◆ Task objective
Keep the images out while you retype all of the data exactly.

◆ Task input
*****

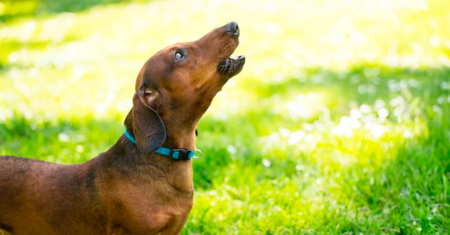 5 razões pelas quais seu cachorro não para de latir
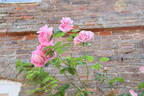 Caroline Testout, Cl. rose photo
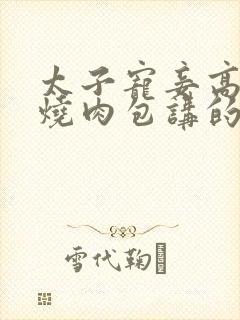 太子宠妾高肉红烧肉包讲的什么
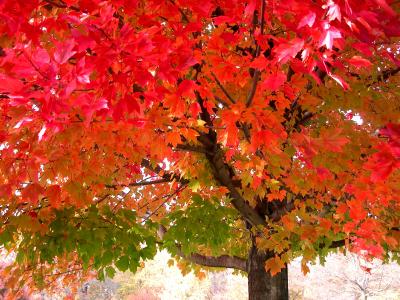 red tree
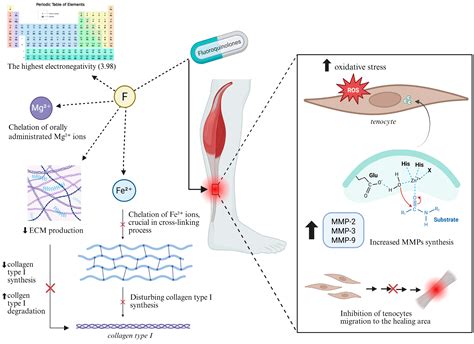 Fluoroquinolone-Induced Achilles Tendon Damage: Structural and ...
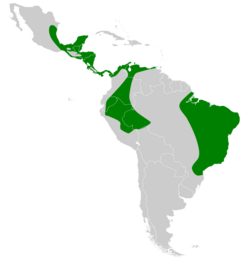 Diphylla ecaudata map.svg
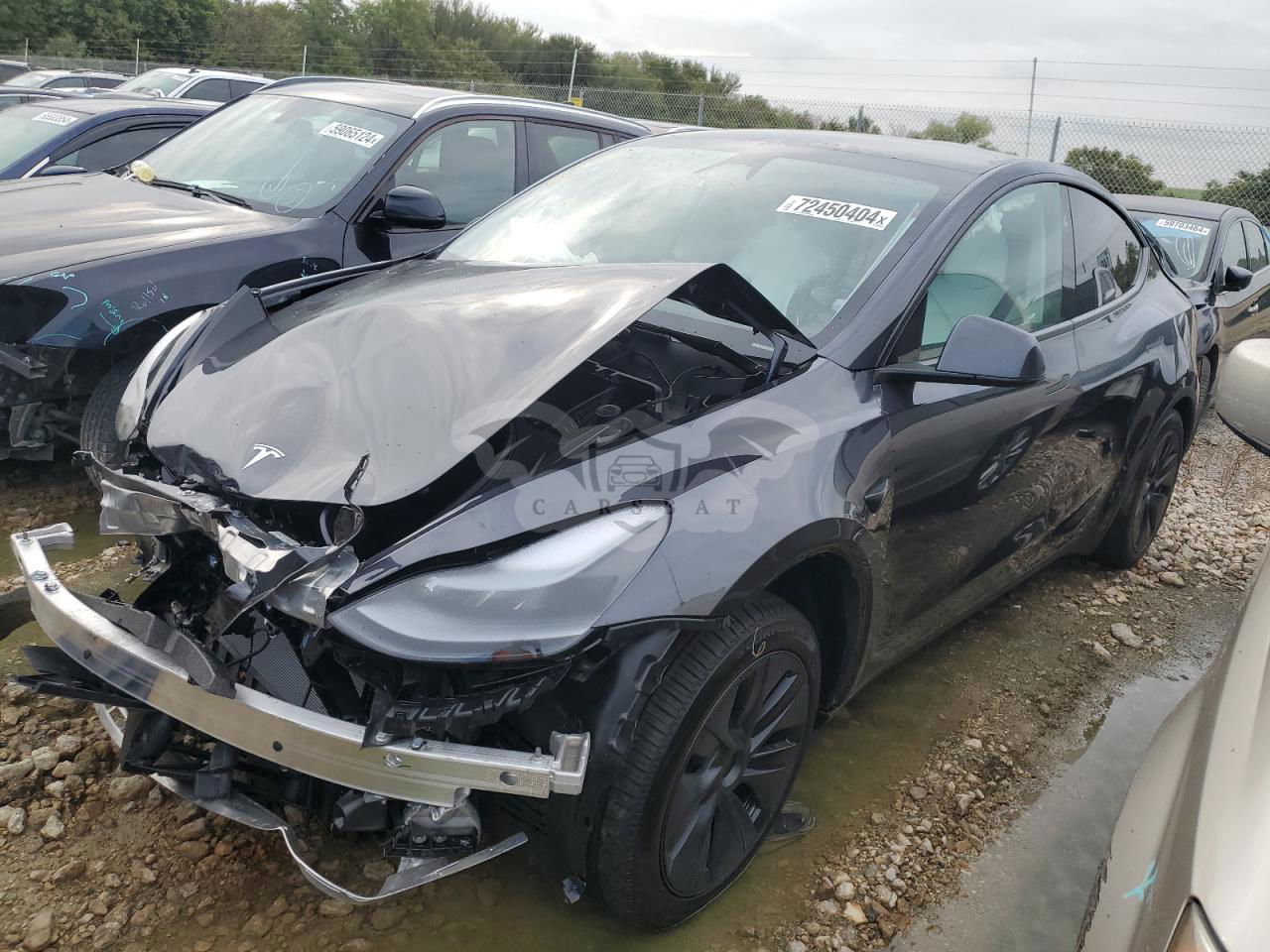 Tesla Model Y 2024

*****

◆ Your response
 5 razões pelas quais seu cachorro não para de latir
 Caroline Testout, Cl. rose photo
 太子宠妾高肉红烧肉包讲的什么
 red tree
 Fluoroquinolone-Induced Achilles Tendon Damage: Structural and ...
 Diphylla ecaudata map.svg
 Tesla Model Y 2024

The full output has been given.